Jakarta, Badan Pengawas Pemilihan Umum- Anggota Bawaslu Lolly Suhenty meminta seluruh jajaran Bawaslu menjalankan seluruh surat edaran (SE), surat keputusan bersama (SKB), maupun instruksi ketua yang telah terbit. Ini sebagai komitmen Bawaslu dalam menjaga Pemilihan serentak 2024 agar berhasil.
"Jalankan itu SE, SKB, maupun instruksi ketua, supaya konsolidasi gagasannya tepat, konsolidasi datanya terjadi lintas divisi dan konsolidasi tindakannya sama dari pusat hingga daerah, sehingga tidak membingungkan banyak orang," seru dia dalam penutupan Konsolidasi Nasional Kelembagaan Pengawas Pemilihan dalam Pelaksanaan Pengawasan Tahapan Kampanye dan Dana Kampanye, serta Pengadaan dan Pendistribusian Perlengkapan Pemilihan Serentak 2024 di Jakarta, Rabu (30/10/2024).
Lolly mengingatkan Bawaslu memiliki tanggung jawab menyukseskan Pemilihan serentak 2024. Untuk itu dia meminta agar seluruh jajaran melakukan konsoliadasi hingga tingkat adhoc. "Konsolidasikan lah, konsolidasi akan menghasilkan harmoni jika semua orang bekerja berdasarka instruksi dan arahan.
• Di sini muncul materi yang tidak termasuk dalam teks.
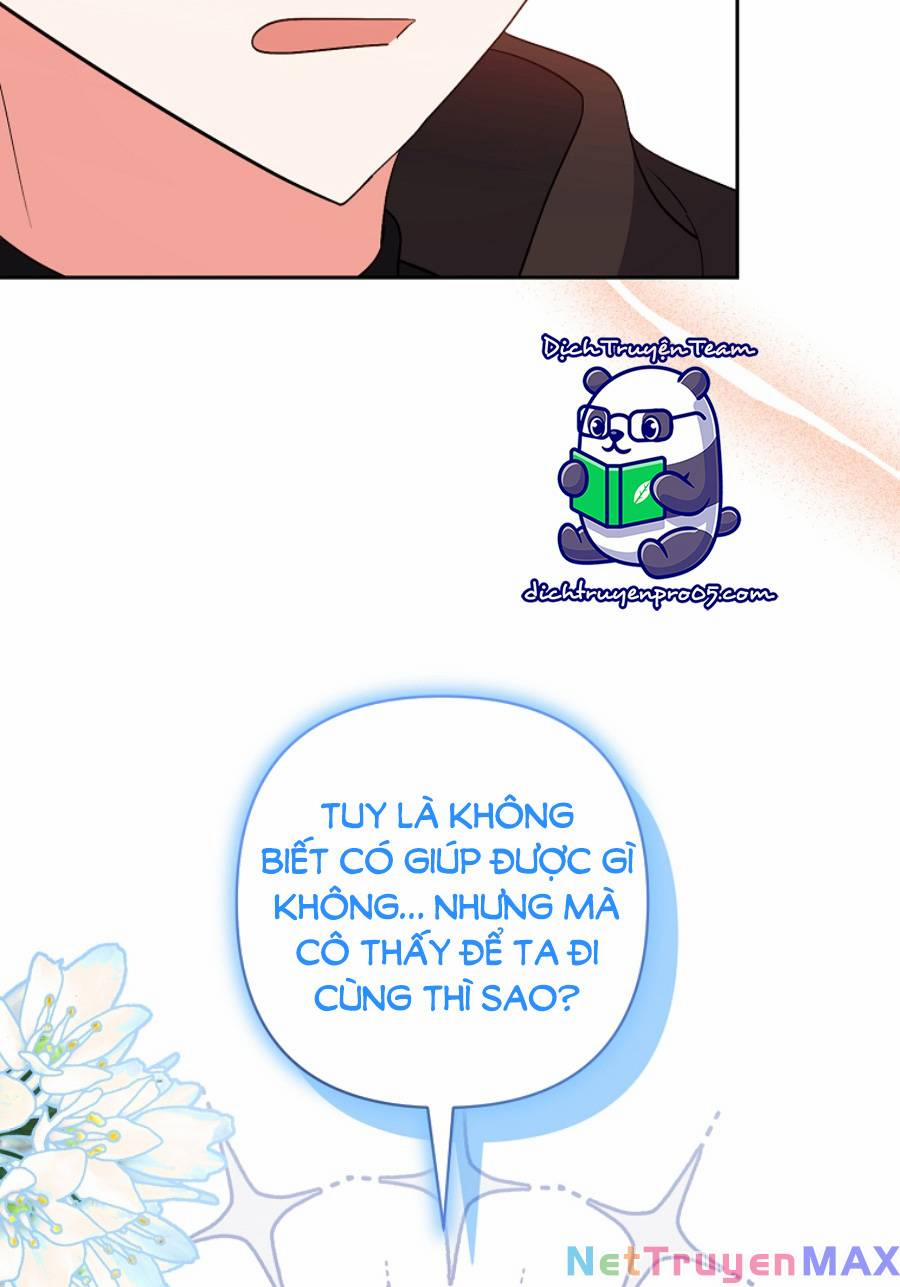 Tôi Đã Nhận Nuôi Nam Chính 58 trang 53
Harmoni ini yang menetukan apakah pilkada terkoordinasi dengan baik," pinta Koordinator Divisi Pencegahan, Parmas, dan Humas itu.
Dalam kesempatan itu Lolly menjelaskan ada beberapa surat yang telah dikeluarkan Bawaslu yakni pertama SE 102 tahun 2024 tentang pengawasan SIBER. Kedua, SK 311 tahun 2024 tentang manajemen krisis.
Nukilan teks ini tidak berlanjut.